● Available data:
++++++

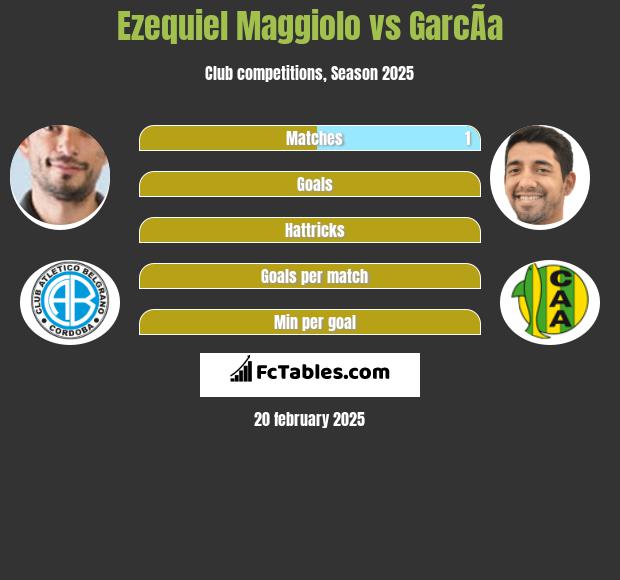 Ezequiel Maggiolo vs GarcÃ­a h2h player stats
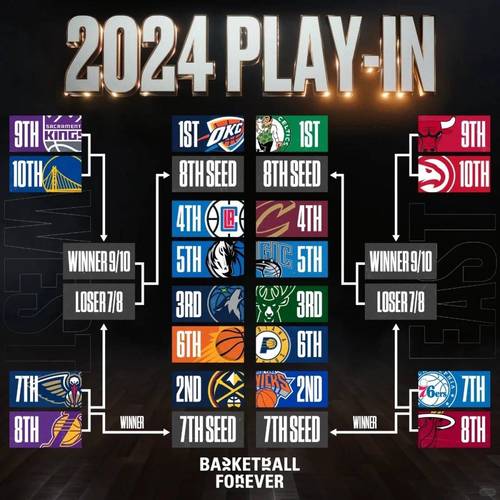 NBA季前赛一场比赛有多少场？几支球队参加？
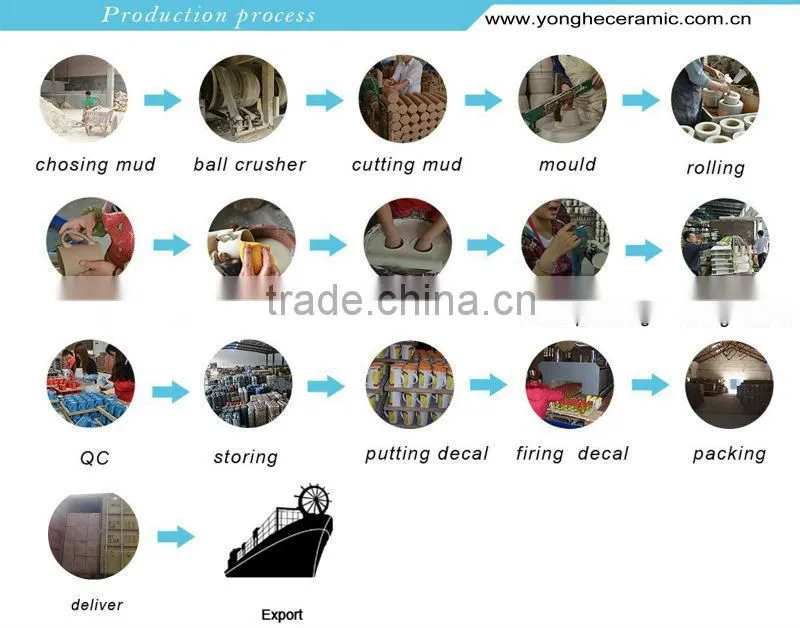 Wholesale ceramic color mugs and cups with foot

++++++

● The task: Word for word, restate all of the data, but do not copy the pictures.

● Written reply:
 Ezequiel Maggiolo vs GarcÃ­a h2h player stats
 NBA季前赛一场比赛有多少场？几支球队参加？
 Wholesale ceramic color mugs and cups with foot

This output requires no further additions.